Member of the Samoan Parliament for Faʻasaleleʻaga No. 1
- In office 24 May 2021 – 3 June 2025
- Preceded by: Sili Epa Tuioti
- Succeeded by: Leatigaga Matafai Iiga

Personal details
- Party: Samoa Uniting Party (since 2025)
- Other political affiliations: Faʻatuatua i le Atua Samoa ua Tasi (until 2025)

= Matamua Vasati Pulufana =

Samoan politician

Matamua Seumanu Vasati Pulufana is a Samoan politician and former Cabinet Minister. She is a member of the Samoa Uniting Party (SUP).

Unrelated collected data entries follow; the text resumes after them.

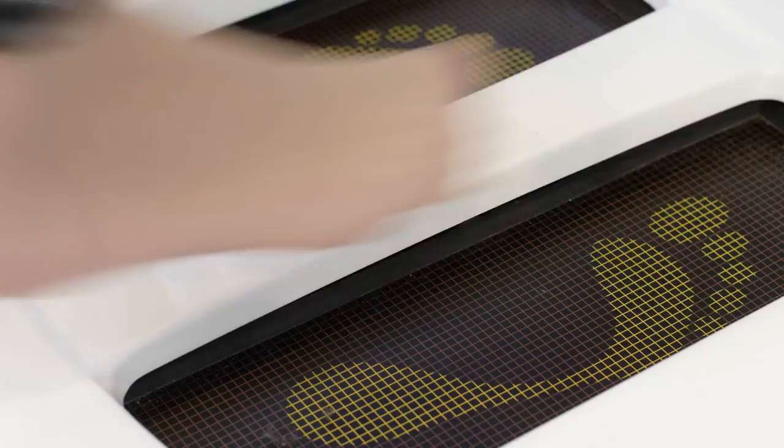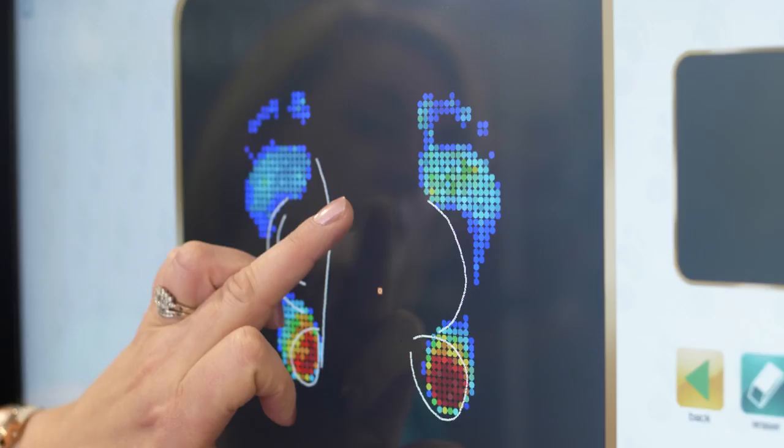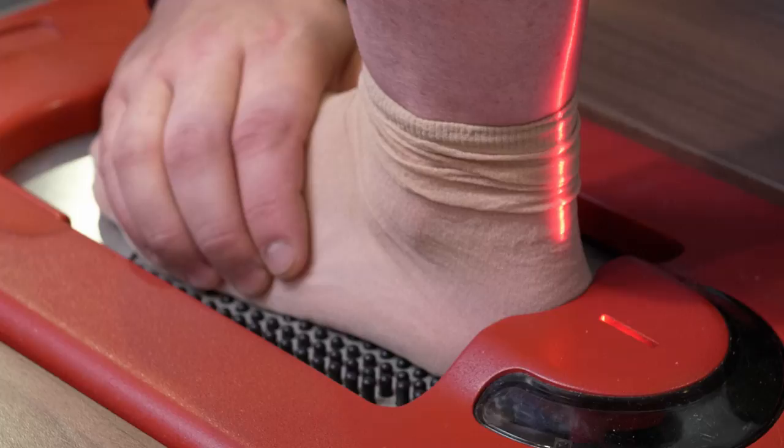Here at Foot Solutions, we use the latest technology and digital analysis to help identify any issues you may have. We then work closely with our podiatric lab in Atlanta, where we carefully craft world-class arch supports and arch products to the unique contours of your feet.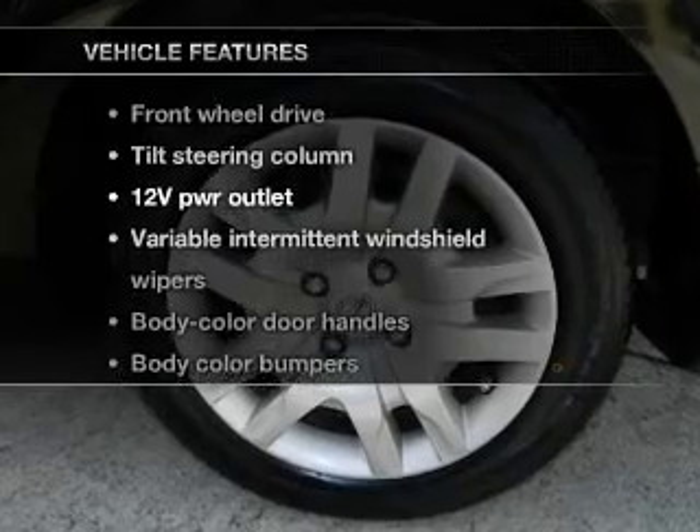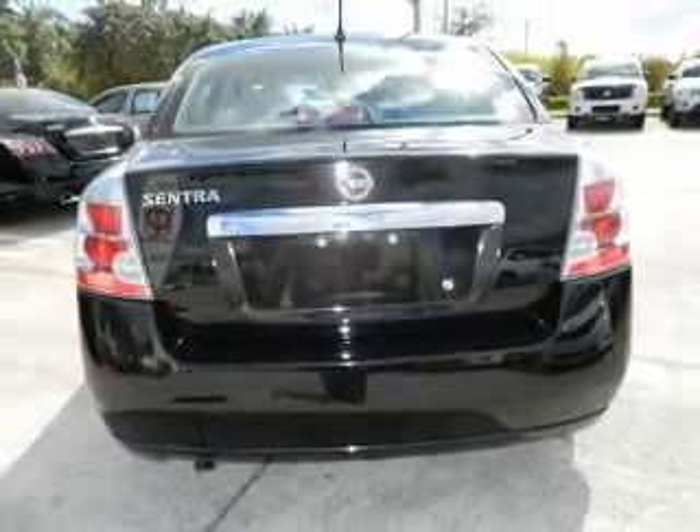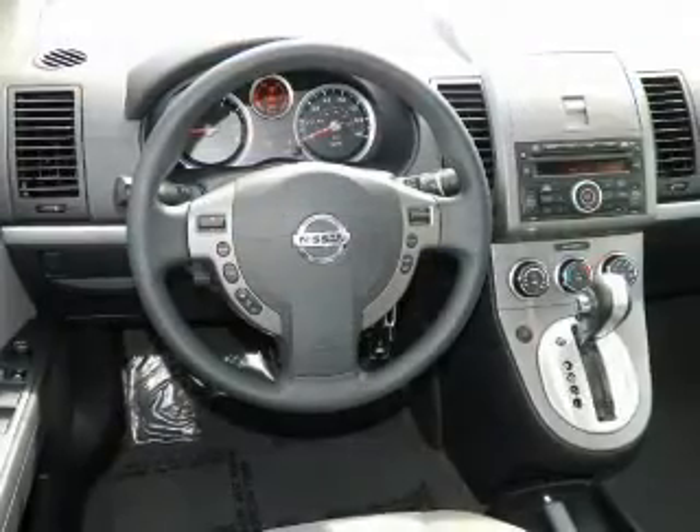Enjoy these notable features included in this vehicle: power door locks, power windows, cruise control, power steering, and an adjustable tilt steering wheel.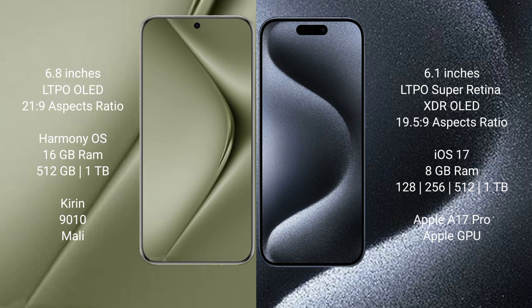Huawei Pura 70 Ultra comes with 16GB RAM and 512GB or 1TB internal storage, with a Kirin 9010 processor and Mali GPU. iPhone 15 Pro comes with 8GB RAM and 128GB, 256GB, 512GB, or 1TB internal storage, with an A17 Pro processor and Apple GPU.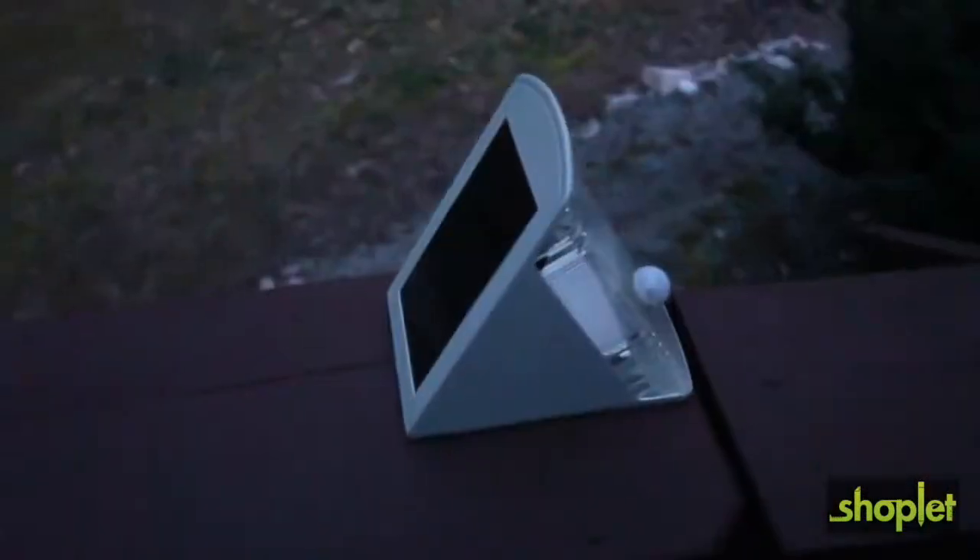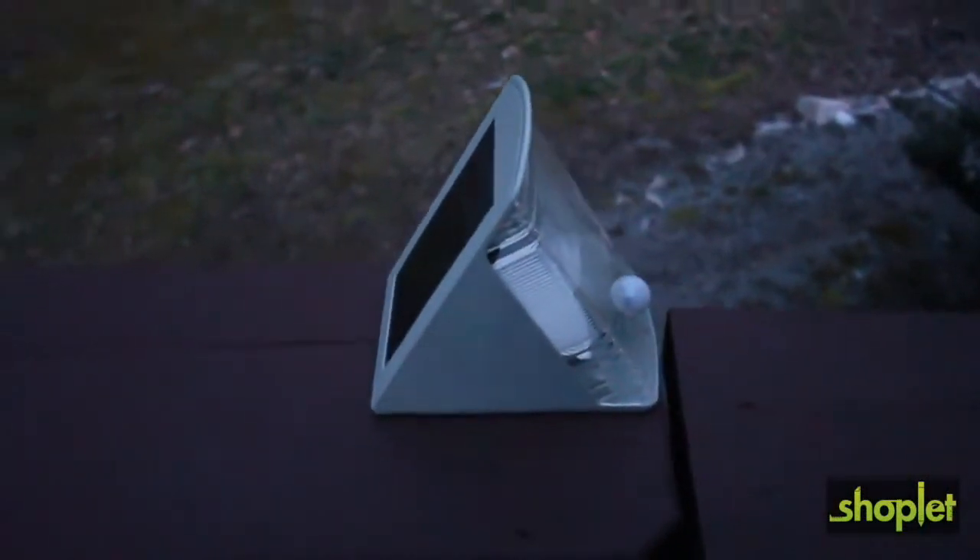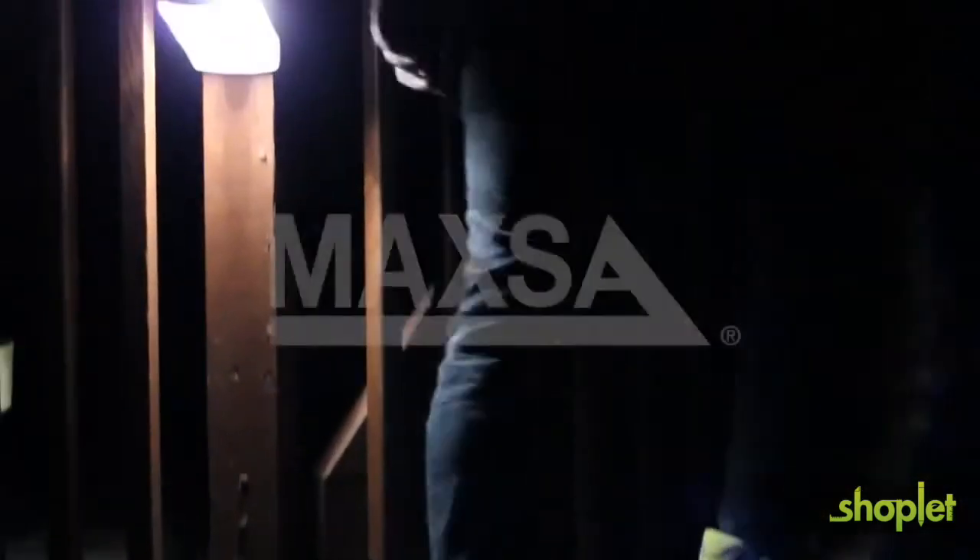The unit can even stand by itself — absolutely no installation required. The solar powered motion activated LED wedge light, designed by Maxa.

Pulufana is the wife of former MP Tiata Sili Pulufana and is a former educator. She was first elected to the Legislative Assembly of Samoa in the 2021 Samoan general election as a Faʻatuatua i le Atua Samoa ua Tasi (FAST) candidate, defeating Finance Minister Sili Epa Tuioti. On 24 May 2021 she was appointed Minister of Justice and Courts Administration in the elected cabinet of Fiamē Naomi Mataʻafa. The appointment was disputed by the caretaker government. On 23 July 2021 the Court of Appeal ruled that the swearing-in ceremony was constitutional and binding, and that FAST had been the government since 24 May.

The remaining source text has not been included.